The International Monetary Fund has released a report which seems to undermine the policy framework of the US President

The International Monetary Fund has published a report detailing possible scenarios of trade war. The report was written in preparation for the upcoming G20 Buenos Aires summit, due to take place in November. Yet, the report’s conclusions are so curious that the IMF has decided to publish them now.

The main contention of the IMF’s experts is that tangible negative consequences for the world economy are virtually inevitable and have little to do with the size and nature of newly-imposed import duties.

The most significant damage to the global economy will result not from the duties themselves, but rather from the destruction of global logistical chains and growing mistrust between participants of global trade. The global economy’s losses from such developments will exceed the losses from import duties by four or five times.

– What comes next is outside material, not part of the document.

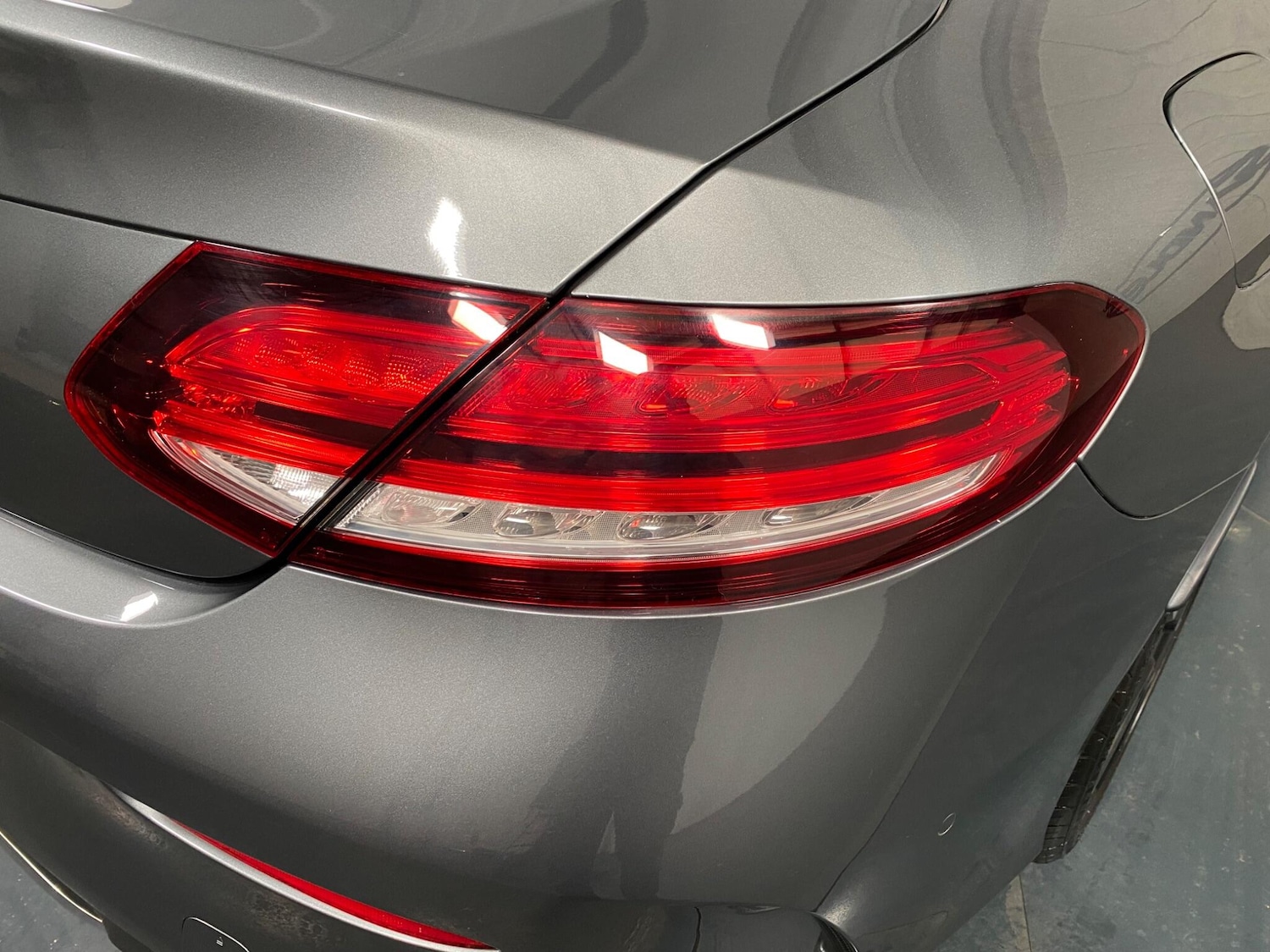 Used Mercedes-Benz C Class 2018 for sale - 76987669: Photo 22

This appears to undermine the cornerstone of President Donald Trump’s policy aims which, in the view of some experts, constitutes bluffing: appearing ready to fight to the death without exposing your country to actual risk.

The experts’ calculations are based on a macroeconomic model which includes six economies – the US, Japan, the eurozone, emerging Asia (including China), Latin America and the rest of the world.

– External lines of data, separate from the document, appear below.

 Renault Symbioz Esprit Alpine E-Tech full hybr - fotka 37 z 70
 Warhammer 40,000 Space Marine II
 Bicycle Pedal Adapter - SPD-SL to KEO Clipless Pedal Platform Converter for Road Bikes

In total, the IMF has envisaged four scenarios.

The first scenario takes into account only those tariff restrictions that have already been introduced. These are levies of 25 percent and 10 percent on steel and aluminium imports respectively, introduced by the United States, as well as the 25 percent tariff on imports from China worth $50 billion. The scenario allows for retaliatory measures from affected countries.

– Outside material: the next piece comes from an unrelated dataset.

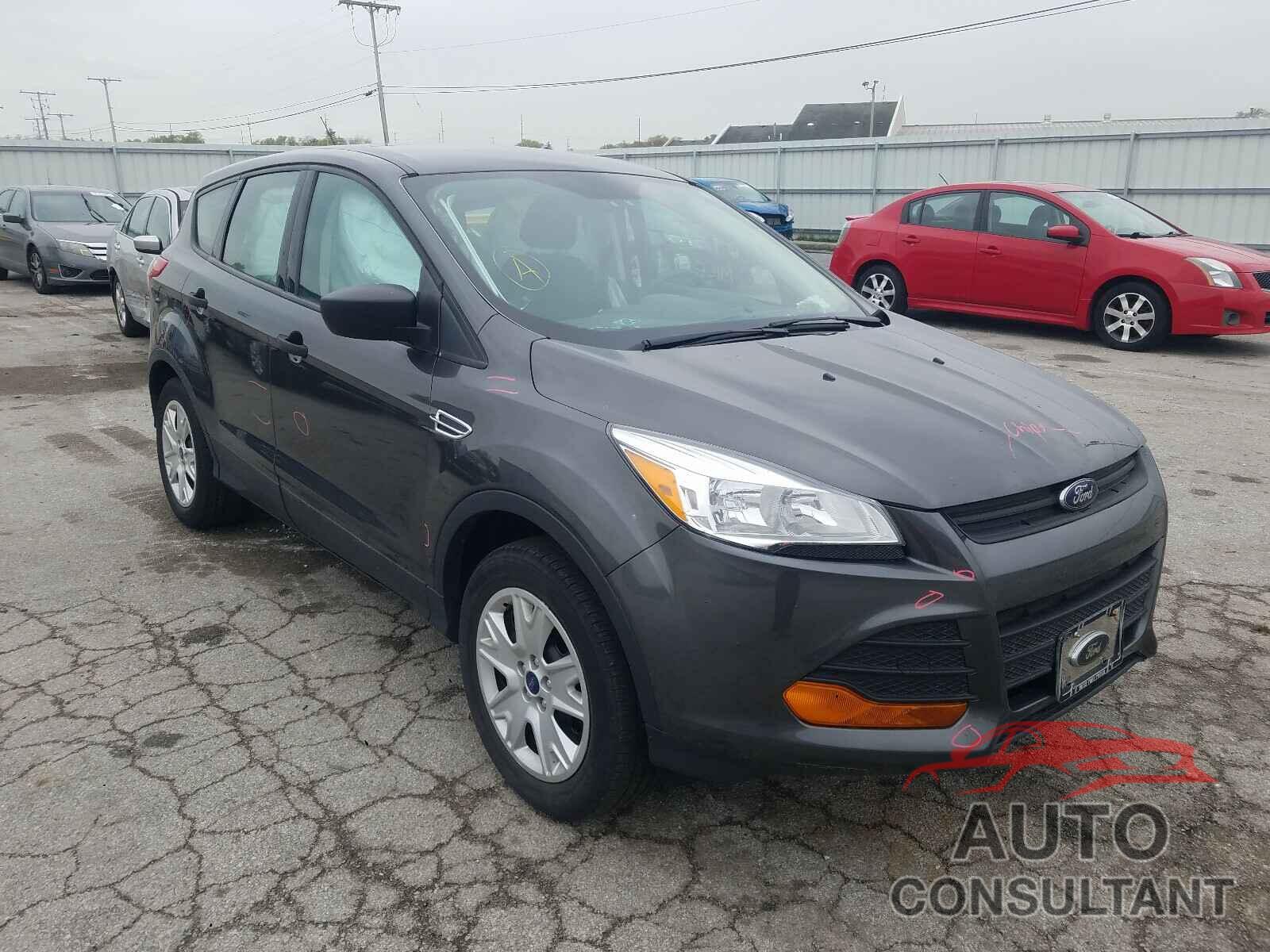 FORD ESCAPE 2016 - 1FMCU0F79GUA93220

The IMF estimates that economic growth in the US will slow by approximately 0.1 percent, while Japan and the eurozone might even grow by 0.1 percent.

The second scenario envisages the introduction of a 10 percent tariff by the US on $200 billion worth of imports from China, as announced by US President Donald Trump, as well as a Chinese response.
Such restrictions can slow the economic growth of emerging Asia by 0.3 percent, and by 0.2 percent in the USA. In the aftermath of such measures, other regions can accelerate economic growth by replacing American and Chinese goods: the eurozone countries and Latin America are likely to grow by 0.1 percent of their GDP and Japan by 0.2 percent.

IMF experts note, however, that this scenario disregards the elasticity of substitution of goods from the US and China. Upon consideration of this factor, we can see the deterioration of macroeconomic dynamics for all regions.

The third scenario is essentially the second scenario with the addition of a 25 percent US import duty on car imports and retaliatory measures from the affected parties. In this case, economic growth may fall by 0.6 percent in the US and by 0.1-0.2 percent in Latin America within the first year. Other economies will experience an insignificant boost, but in the long run all will lose.

The final scenario is a temporary global crisis of confidence between international trade actors. In this case, the IMF expects a sharp increase in the risk premium and a decline in investment, consumption and production. World GDP will slow by 0.4 percent in the first year and by 0.5 percent thereafter. The largest losses (0.9 percent), according to the IMF, will be borne by the US. Latin America, Japan and emerging Asia will lose 0.6-0.7 percent of economic growth.

IMF experts consider this scenario to be optimistic since it takes no account of the actions of national banks.

Ultimately, the IMF specialists write, all countries will suffer from the trade conflict. First of all, this will affect the United States.

Accordingly, governments should forget about the "doomed" duties and retaliatory measures, and try to find an agreement concerning intellectual property rights, electronic commerce and digital services.